利用OpenCV和深度学习实现人脸检测

今天偷点儿懒，就没有及时整理最新的paper，还请各位看官谅解。这里整理了一份前段时间做的小demo，实现献丑了

本文基于OpenCV3.3.1或以上版本（如OpenCV3.4）、DNN模块和face_detector示例实现简单、实时的人脸检测。

往期回顾

[计算机视觉] 入门学习资料

[计算机视觉论文速递] 2018-03-20

[计算机视觉论文速递] 2018-03-18

注：

[1]：主要参考Face detection with OpenCV and deep learning这个英文教程，并作部分修改。

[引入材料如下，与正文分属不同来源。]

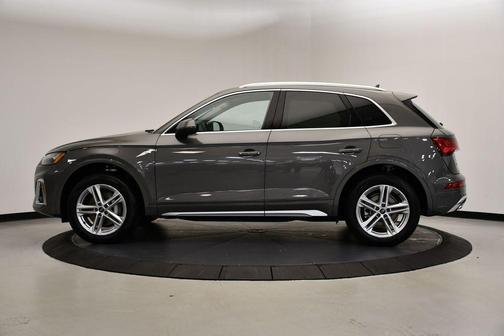 2025 Audi Q5 55 S line quattro Premium
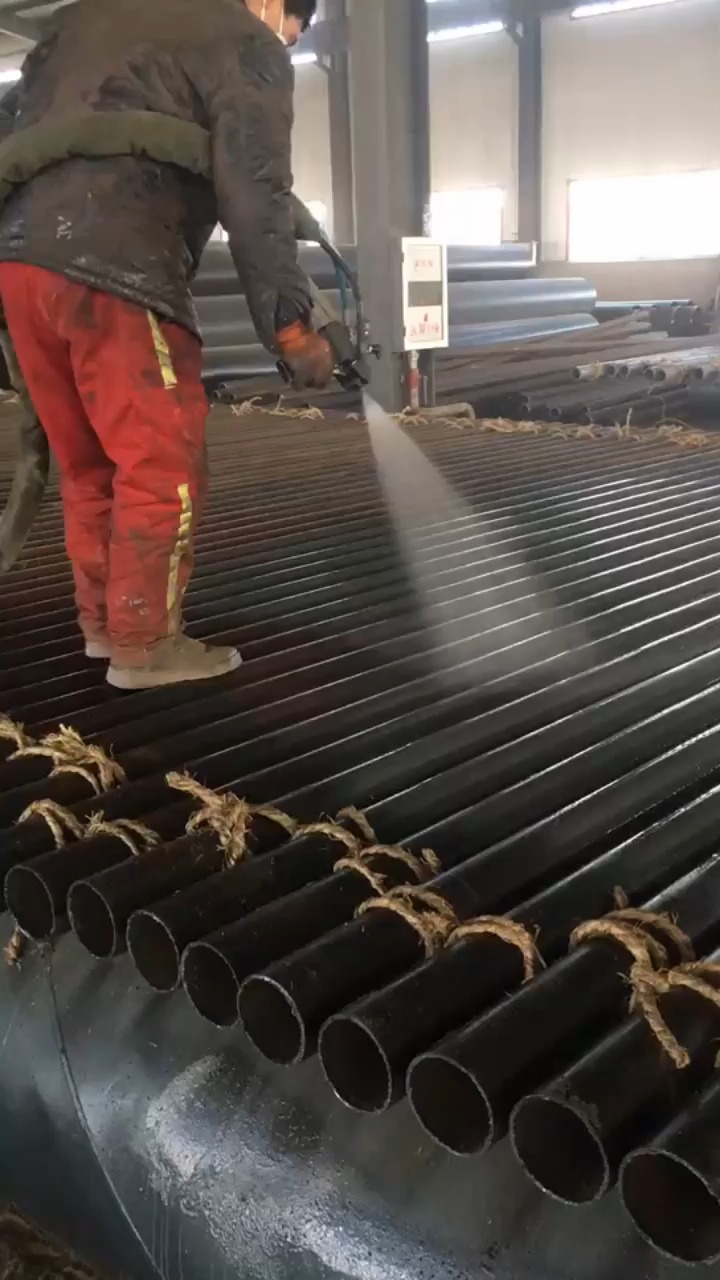 地埋管道防腐 聚脲涂料 埋地金属管道的防腐处理 聚脲喷涂机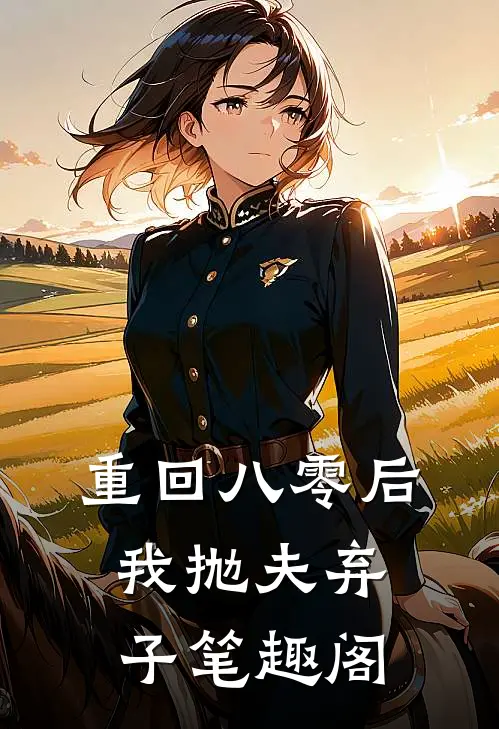 重回八零后，我抛夫弃子笔趣阁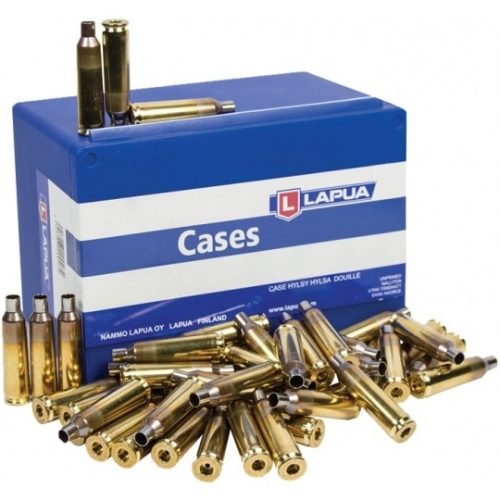 Lapua Cases 6mm Creedmoor (100’s) - Clay Pigeon Adventures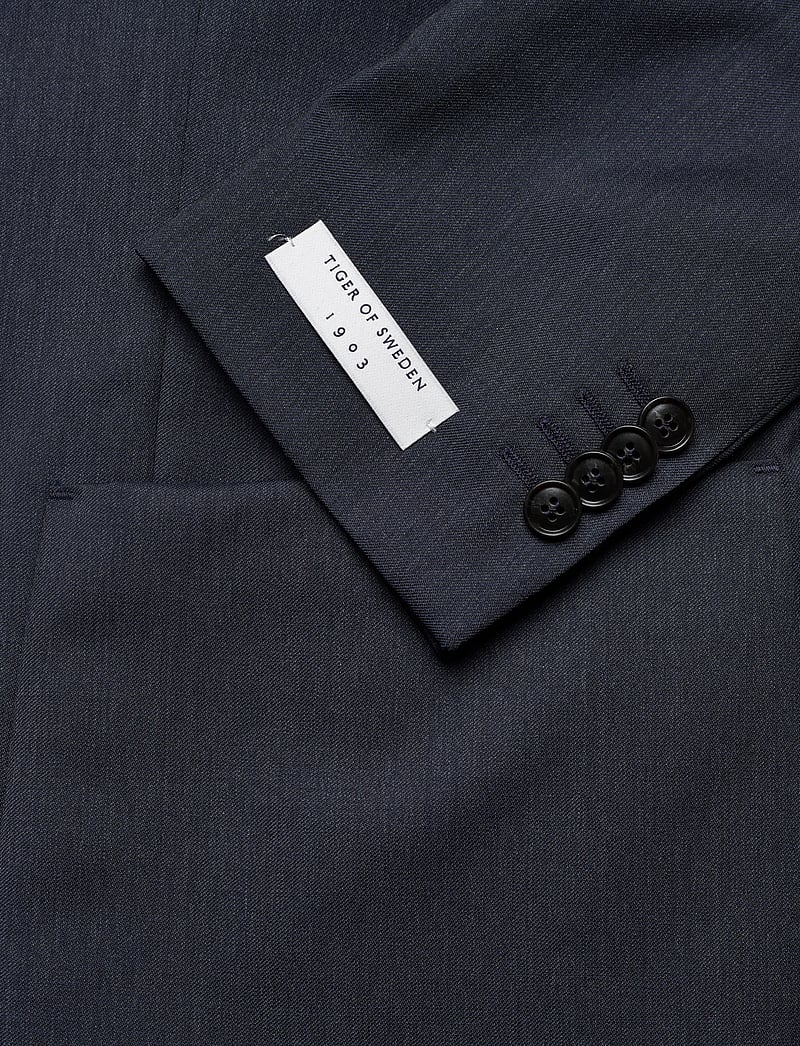 Tiger of Sweden - JOACHIM - zweireiher - royal blue - 3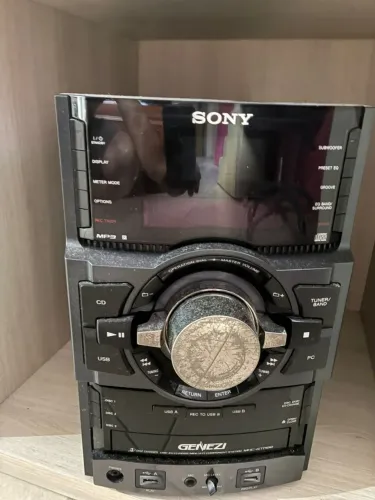 Mini System Sony GTR88 1100wRMS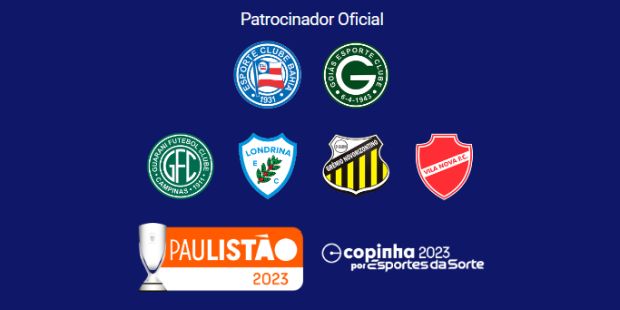 Bahia fecha acordo com novo patrocinador para 2023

[2]：亲测OpenCV3.3.0及以下版本，并没有face_detector示例，且不支持face_detector。为了避免折腾，还是建议使用OpenCV3.3.1及以上（如OpenCV3.4）。

1 face_detector简介

face_detector示例链接：

https://github.com/opencv/opencv/tree/master/samples/dnn/face_detector

当电脑配置好OpenCV3.3.1或以上版本时，在opencv\samples\dnn也可以找到face_detector示例文件夹，如下图所示：

使用OpenCV的DNN模块以及Caffe模型，必须要有.prototxt和.caffemodel两种文件。但face_detector文件夹中，只有.prototxt一类文件，即缺少训练好的.caffemodel。.prototxt和.caffemodel的作用如下：

The .prototxt file(s) which define the model architecture (i.e., the layers themselves)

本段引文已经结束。